At least when it comes to web and digital mediums, serifs get less attention than sans-serif fonts, and the vast majority of modern designs use sans-serifs. But there are many situations when sans is not the best way to go, for example long-form content in places like online newspaper editions (for body text) or websites with a classical theme.
You’ve probably seen a css font-family declaration that didn’t include a specific webfont, but just the
serif fallback, and wondered what font will be used on different platforms.
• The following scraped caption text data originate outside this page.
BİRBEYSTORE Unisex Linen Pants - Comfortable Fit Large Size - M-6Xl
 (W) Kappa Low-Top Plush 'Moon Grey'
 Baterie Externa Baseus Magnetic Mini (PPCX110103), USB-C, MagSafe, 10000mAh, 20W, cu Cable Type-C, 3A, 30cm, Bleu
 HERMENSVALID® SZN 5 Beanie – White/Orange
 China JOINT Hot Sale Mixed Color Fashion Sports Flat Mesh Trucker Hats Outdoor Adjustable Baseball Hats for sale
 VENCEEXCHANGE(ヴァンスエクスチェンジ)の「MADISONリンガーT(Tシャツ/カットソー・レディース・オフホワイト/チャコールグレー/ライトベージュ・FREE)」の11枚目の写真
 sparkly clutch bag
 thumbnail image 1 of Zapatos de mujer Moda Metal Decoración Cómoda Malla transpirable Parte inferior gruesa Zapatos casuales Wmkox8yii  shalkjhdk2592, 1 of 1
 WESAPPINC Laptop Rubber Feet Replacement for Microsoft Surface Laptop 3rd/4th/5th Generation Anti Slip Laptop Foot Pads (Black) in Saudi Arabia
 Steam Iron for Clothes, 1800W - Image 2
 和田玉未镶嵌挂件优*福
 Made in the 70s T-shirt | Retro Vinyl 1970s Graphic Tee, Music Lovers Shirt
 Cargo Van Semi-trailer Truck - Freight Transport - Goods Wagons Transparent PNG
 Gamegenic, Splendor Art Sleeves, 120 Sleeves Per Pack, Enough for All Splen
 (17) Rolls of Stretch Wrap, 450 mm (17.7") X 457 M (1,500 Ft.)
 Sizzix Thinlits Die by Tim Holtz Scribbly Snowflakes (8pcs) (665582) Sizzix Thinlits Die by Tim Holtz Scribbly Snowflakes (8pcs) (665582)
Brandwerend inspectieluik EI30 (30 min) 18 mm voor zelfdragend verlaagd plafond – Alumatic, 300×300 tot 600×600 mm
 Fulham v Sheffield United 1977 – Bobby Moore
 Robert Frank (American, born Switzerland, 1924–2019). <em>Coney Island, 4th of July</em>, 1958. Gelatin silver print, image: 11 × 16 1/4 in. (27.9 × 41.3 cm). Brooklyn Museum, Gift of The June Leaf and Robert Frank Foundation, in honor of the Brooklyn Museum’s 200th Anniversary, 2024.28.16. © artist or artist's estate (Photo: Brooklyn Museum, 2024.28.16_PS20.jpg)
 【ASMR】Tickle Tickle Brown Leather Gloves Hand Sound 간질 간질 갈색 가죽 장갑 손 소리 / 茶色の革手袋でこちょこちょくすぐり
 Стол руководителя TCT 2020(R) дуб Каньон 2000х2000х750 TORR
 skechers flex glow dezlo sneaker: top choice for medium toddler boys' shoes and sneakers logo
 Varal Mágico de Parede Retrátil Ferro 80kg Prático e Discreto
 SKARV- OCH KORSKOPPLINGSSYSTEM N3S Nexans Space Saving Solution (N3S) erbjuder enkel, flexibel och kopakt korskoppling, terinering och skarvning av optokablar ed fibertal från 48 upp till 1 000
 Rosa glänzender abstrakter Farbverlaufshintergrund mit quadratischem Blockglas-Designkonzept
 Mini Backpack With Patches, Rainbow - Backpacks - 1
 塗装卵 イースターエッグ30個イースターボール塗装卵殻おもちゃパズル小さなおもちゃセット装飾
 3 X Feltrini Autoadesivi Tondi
Whether you use a custom font or not, the recommended css font-family declaration calling for serif fonts is:
font-family: "Times New Roman", Times, serif;
serif will return the operating system’s default serif font. Most operating systems have had the same default since early versions, due to the fact that for many years the web was completely serif playground. Custom font declaration (in html, before css and font-family were a thing) did not exist from the begining.
Default serif font in MacOS
Though Times is the default serif that will be used, it seems that at least on Mojave and Catalina, Times New Roman is also pre-installed.
Actually Times and Times New Roman are branches from the same typeface, with minor differences in character design, but Times is hinted and characters will have a much better letter spacing.
Default serif font in Windows
Default serif font in Linux
Many Linux users re-configure defaults to other fonts, so it’s almost impossible to accurately mention defaults. One of the most popular defaults is Noto Serif, due to its amazing language support.